We know that this is not a final solution, but we are trying to keep future options open. If a good digital rights management solution is developed that people think is fair and just then we are ready. If nothing happens then we are still ready, albeit with a less optimal solution. If anyone else has a suggestion let us know and we will try to include it.
The only
The old days when you used to have to earn credits on the BBS by uploading a certain number of programs to be able to download. Yeah, it was sort of fair. But there must be some reason that things like that went away... Maybe people won't bother with the whole credit system. Why would they, when Napster, Gnutella, etc. are more or less free, except that you gotta be willing to give up some bandwidth and cpu time.
Windows is going the way of phlogiston...
my experiences were similar too. though i don't agree with his assertion that "SOFTWARE", or "MP3" sharing is illegal.
the one time i tried to download something, i got this error message:
Error: reassembly failed: Rebuild failed: not enough blocks of this archive were available at this time (4 needed, 0 found)

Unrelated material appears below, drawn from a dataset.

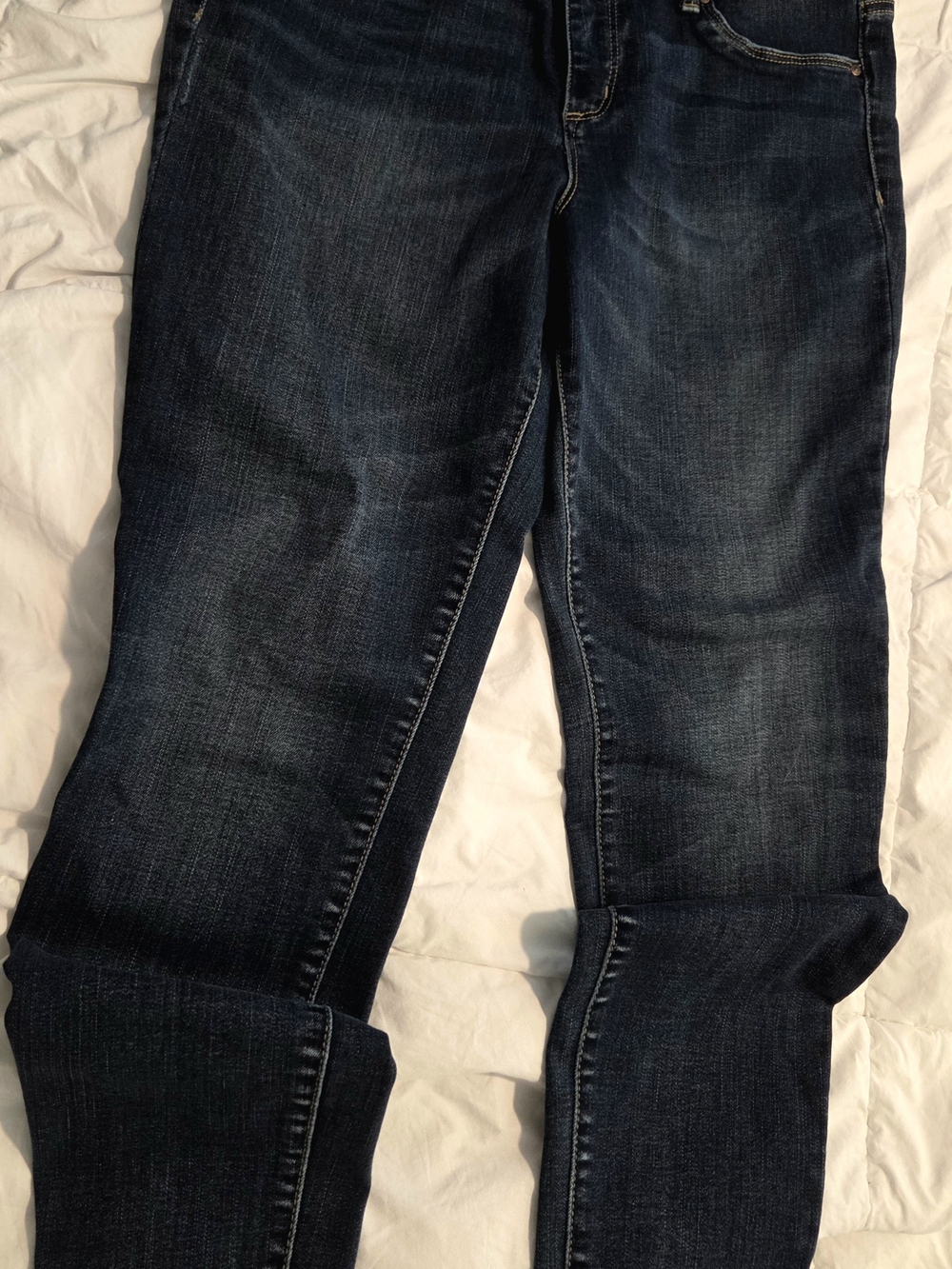 Jessica Simpson Skinny Jeans in Dark Indigo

Dammit, I had this idea like two months ago while laying in bed with busted nuts. I should've patented it.
The Meaning of Life
great comedy company.
Uh.... When it is impossible to determine _what_ is on your system, how could you be proven to posess it? Or is the AC posting just a total idiot? I'll pick number two, Bob.
-aT
the mojo to dollar ratio is ratio is flexible and they expect it to decrease steadily over time as bandwidth and storage costs decrease. so what this means is that it's very dangerous to build up mojo equity because your stored mojo is going to constantly decrease in value. thus to get the most $$'s for your mojo you are forced to pull your mojo out of the system at regular intervals.
second because anyone can post anything, and you only get mojo for what people download directly from you, what is the incentive for people to post information into the network? since it's impossible to maintain control over the information once it's posted into the network why would anyone post it? at least offering something for free on a web site you get content hit logs, can offer advertising (maybe use it as a loss leader?) and have direct control over the data presentation. i have difficulty imagining why people will post information into the net unless it's illegal. i can see mojo nation being a great place to store child porn, mp3's etc ... but why would people use it as a legitimate method of data distribution?

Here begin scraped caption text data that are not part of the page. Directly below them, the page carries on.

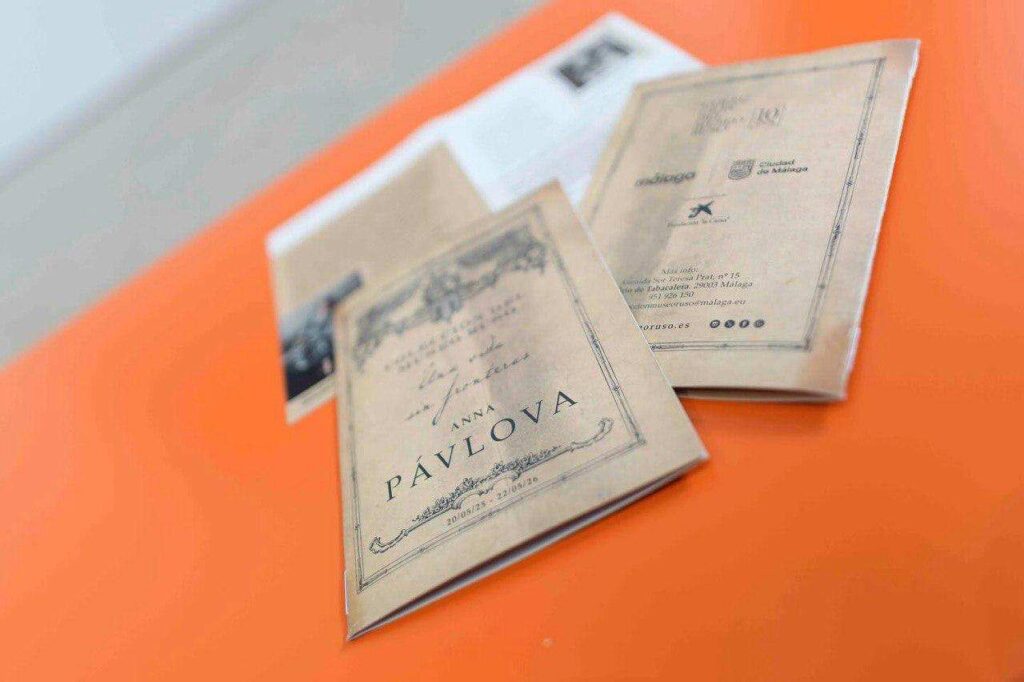 Anna Pavlova's exhibition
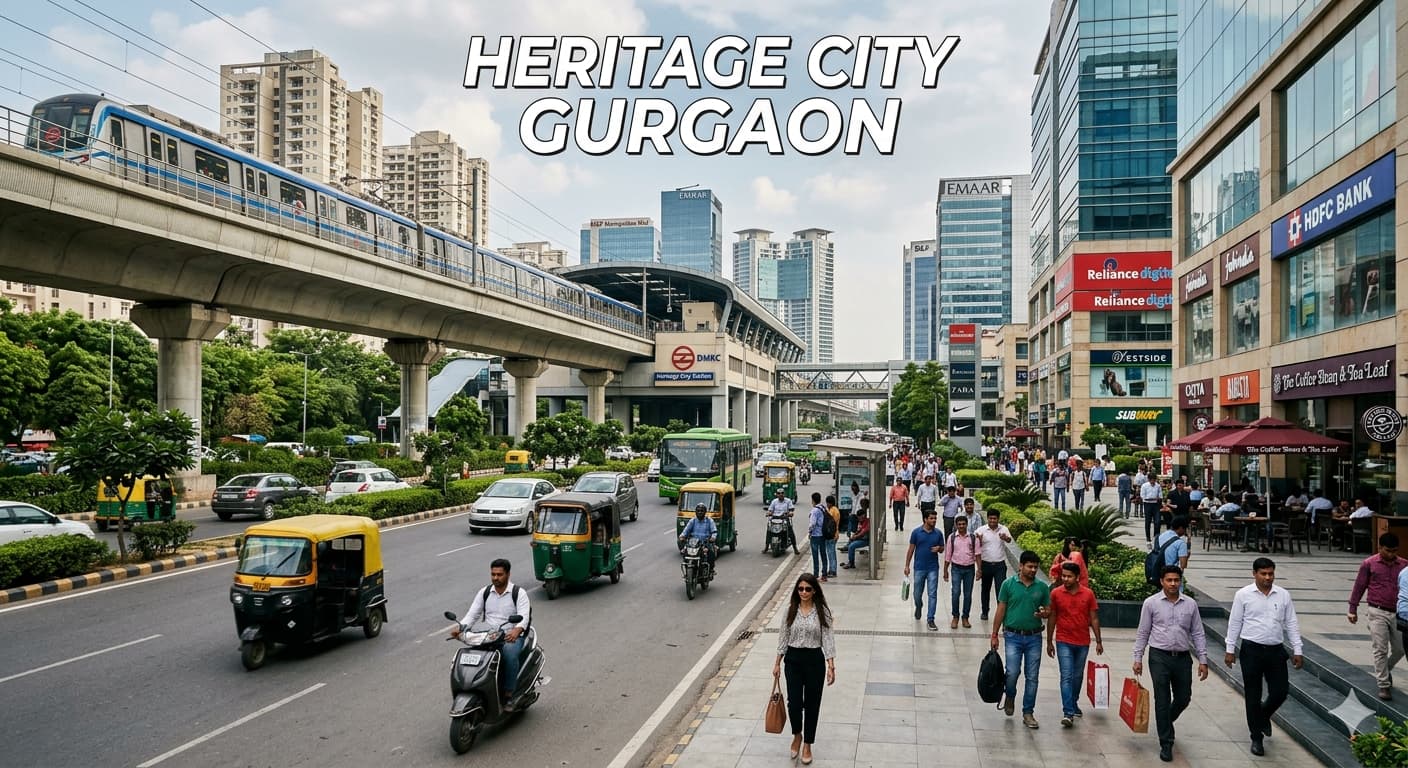 Heritage City Gurgaon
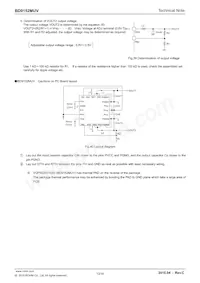 BD9152MUV-E2 Datasheet Pagina 13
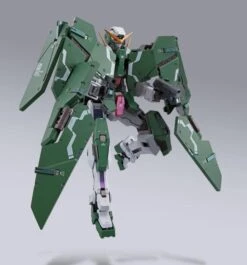 Bandai Gundam Metal Build Gundam 00 Gundam Dynames And Devise Dynames Action Figure -Hasro Model Shop 4573102632647f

don't get me wrong, i think mojo nation is very very technically cool, i just don't understand what's gonna stop it turning into another irc/usenet where very little of actual value happens.

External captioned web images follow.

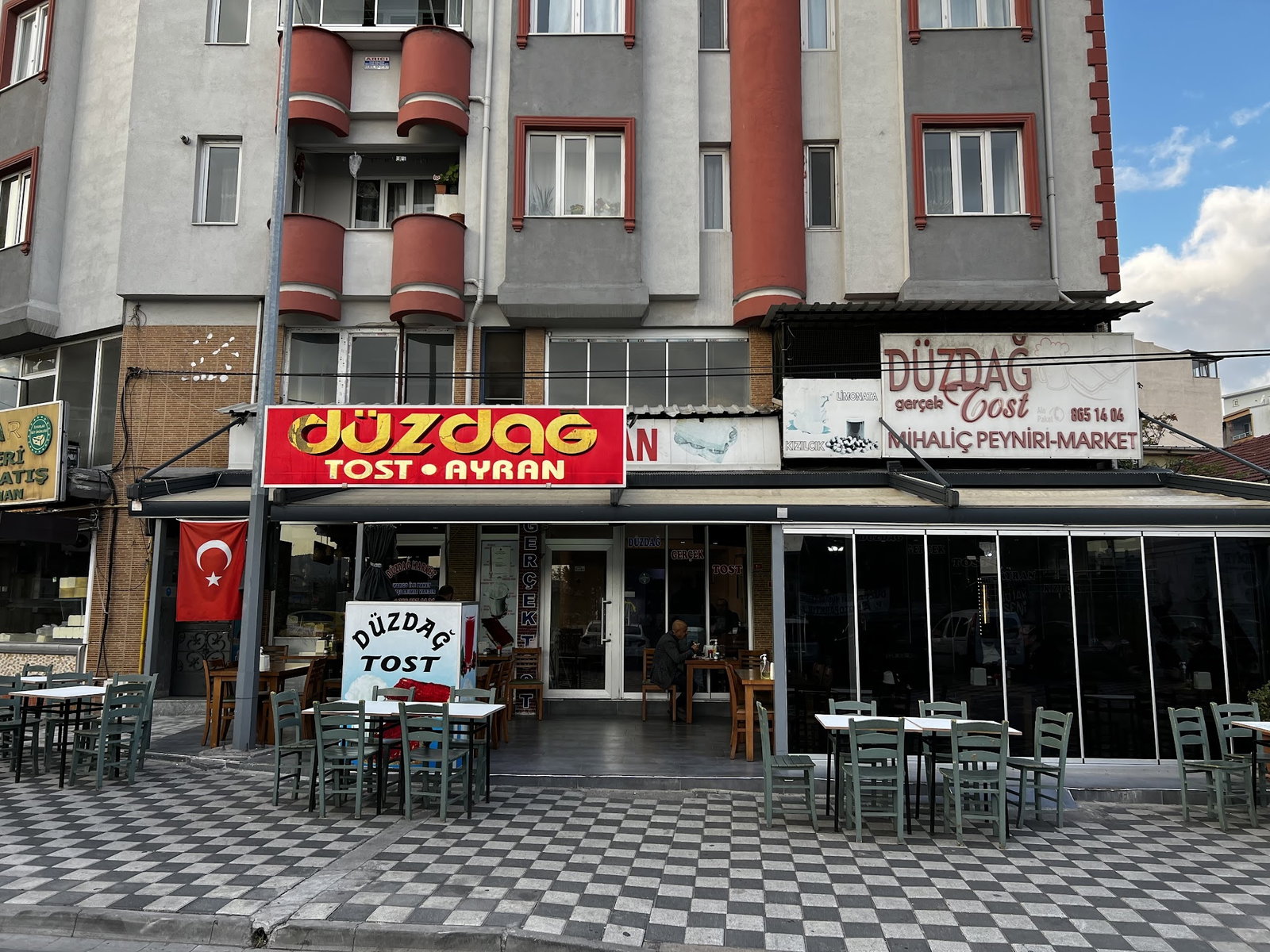 Düzdağ Tostçusu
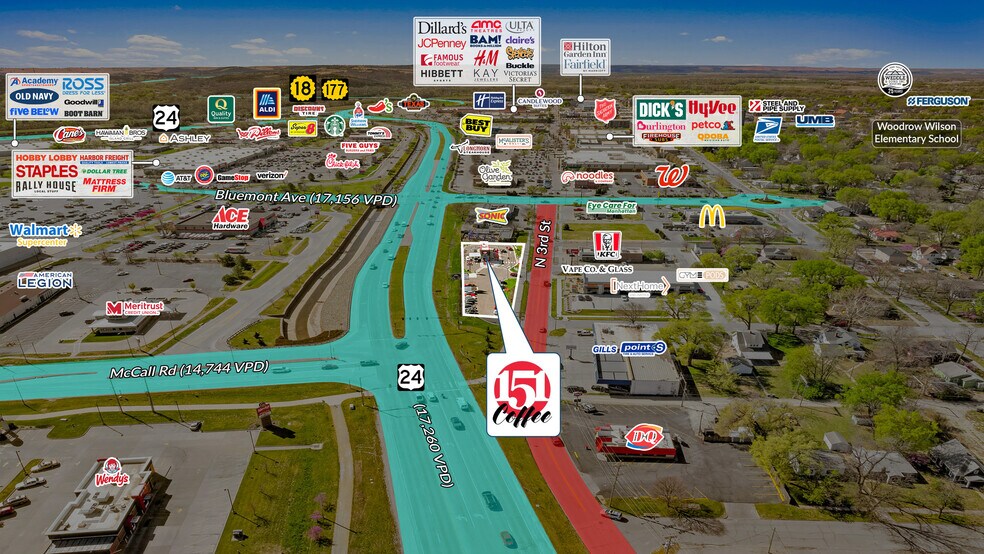 900 N 3rd St, Manhattan, KS à vendre - Photo de l’immeuble – Image 2 sur 5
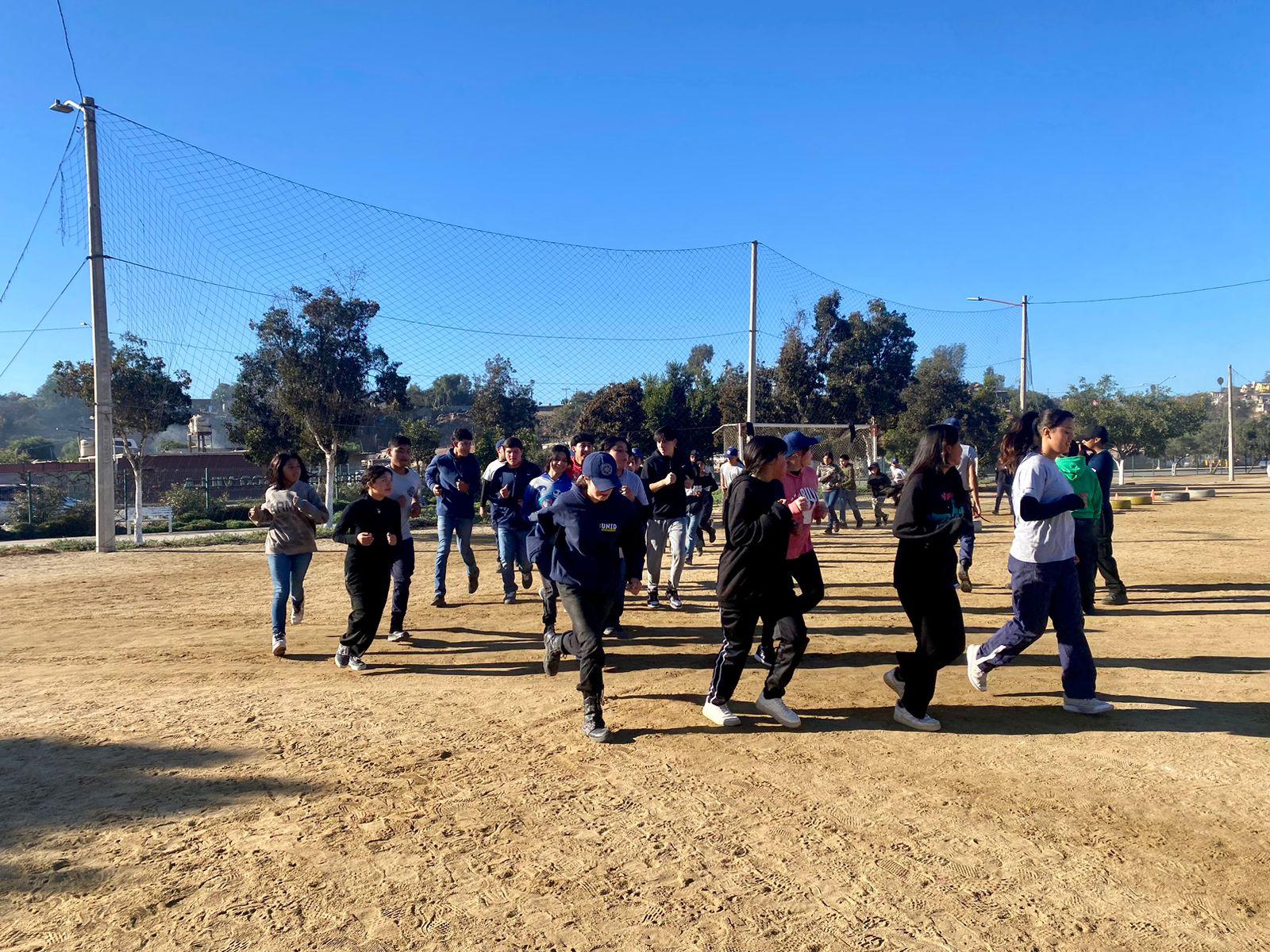 Promueve Gobierno de Ensenada programa “Juega Limpio, Vive Sano” en Unidad Deportiva Francisco Villa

to answer some of you questions (as best i can from memory).
1. yes, data is redundant by default, your data is broken up into 8 pieces and any 4 is sufficient ot restore it.
3. i don't believe there are any. but they have fairly carefully designed their system to be self regulating. the idea is that they don't want to have any direct control over it for legal reasons.
6. yes, anyone can "sell" anything on the mojo nation network. they don't care and they can't stop you.
7. anything that you can make work on top of http will work now. they plan to add other transport mechanisms later, i don't know if multicast is one of them.
--
moderate me up, i might be right.
How is this not a huge pyramid scheme?
1) Users who enter are given a certain amount of mojo.
2) There is an exchange for mojo in every transaction (i.e. no mojo is created)
Since there is no way to create mojo, except for the new users, old users must only focus on getting new users to give them their mojo. Old users will be able to build up mojo over time, but ultimately they can only increase their stash by taking something from new users. Am I missing something here?